Il fatto che Gerusalemme non fosse la capitale di Israele?

Esatto, una anomalia che si fonda su una risoluzione delle Nazioni Unite del 1947, quando Israele non esisteva ancora e che diceva che Gerusalemme doveva essere città aperta, città internazionale non appartenente a nessuno. Né Israele né i palestinesi hanno mai riconosciuto valida questa risoluzione. Di fatto a Gerusalemme Ovest è dove si trovano gli edifici governativi e dove si reca ogni presidente americano in visita. 

Perché la decisione di spostare l’ambasciata dal 1995 a oggi è sempre stata posposta da ogni presidente?



Perché i presidenti Usa hanno sempre sostenuto che il destino di Gerusalemme si dovesse risolvere in un dialogo fra le parti e non con una decisione unilaterale americana.

Domani Trump farà la dichiarazione annunciata. Lunedì scorso ha parlato al telefono con il presidente dell’autorità palestinese: lei ritiene che abbia già deciso cosa farà?

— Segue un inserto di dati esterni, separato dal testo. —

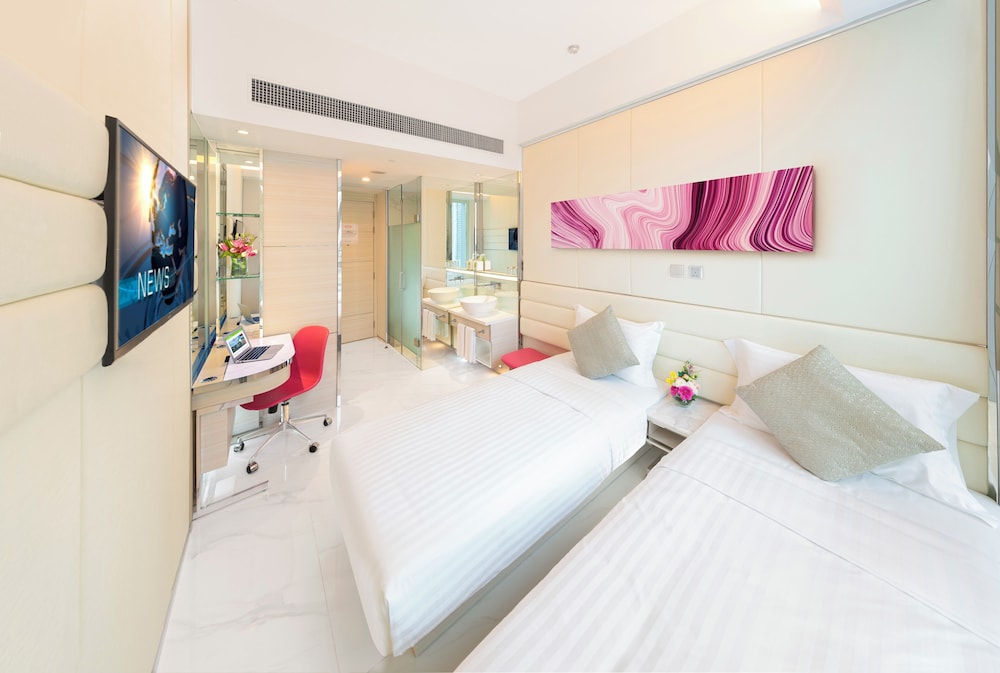 Plus, Premier, Twin Beds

Non ne sono sicuro, al momento penso che sul tavolo ci siano due argomenti uno legato all’altro.

Quali?

Il primo è la decisione di spostare l’ambasciata. Ritengo che Trump non lo farà adesso. L’amministrazione americana sta studiando iniziative per il processo di pace e un’iniziativa del genere sarà presa solo all’interno di un processo del genere, ma prima o poi si farà. Il secondo è che io credo che Trump dichiarerà Gerusalemme capitale di Israele ma senza spostare l’ambasciata e senza definire i confini ufficiali della città. Anche Clinton voleva fare la stessa cosa.

Che significato ha questa seconda ipotesi? Propaganda?

Ha il significato di un segnale politico. Sottolinea un punto preciso e segna la direzione in cui l’America si vuole muovere.

Il presidente turco Erdogan è stato quello che più ha reagito in modo virulento contro l’annuncio. E’ la conferma che si considera ormai il leader del mondo islamico in Medio oriente?

Assolutamente. Erdogan è un islamista che sostiene i Fratelli musulmani, vuole diventare il leader del mondo islamico, la versione moderna del sultanato ottomano. 

Da un punto di vista generale, come giudica la politica estera di Trump, fatta di dichiarazioni forti e minacciose, ad esempio l’abolizione dell’accordo nucleare con l’Iran?

Trump ha ragione a dire che quell’accordo non è sicuro e ha molti buchi vantaggiosi per l’Iran. Il problema è capire che politica adotterà oltre le dichiarazioni. Trump non deve prendere iniziative unilaterali contro l’Iran, ha bisogno dell’appoggio europeo. Certamente l’Iran è una grossa preoccupazione per Israele e gli equilibri del Medio oriente. Dopo la sconfitta dell’Isis l’America non ha ancora elaborato alcuna politica e in questi buchi si sta infilando l’Iran. Ha intenzione di costruire un corridoio fino al Mediterraneo, ha basi militari in Siria e sta dominando la politica irachena. Quello che tutti ci chiediamo è: cosa farà l’America?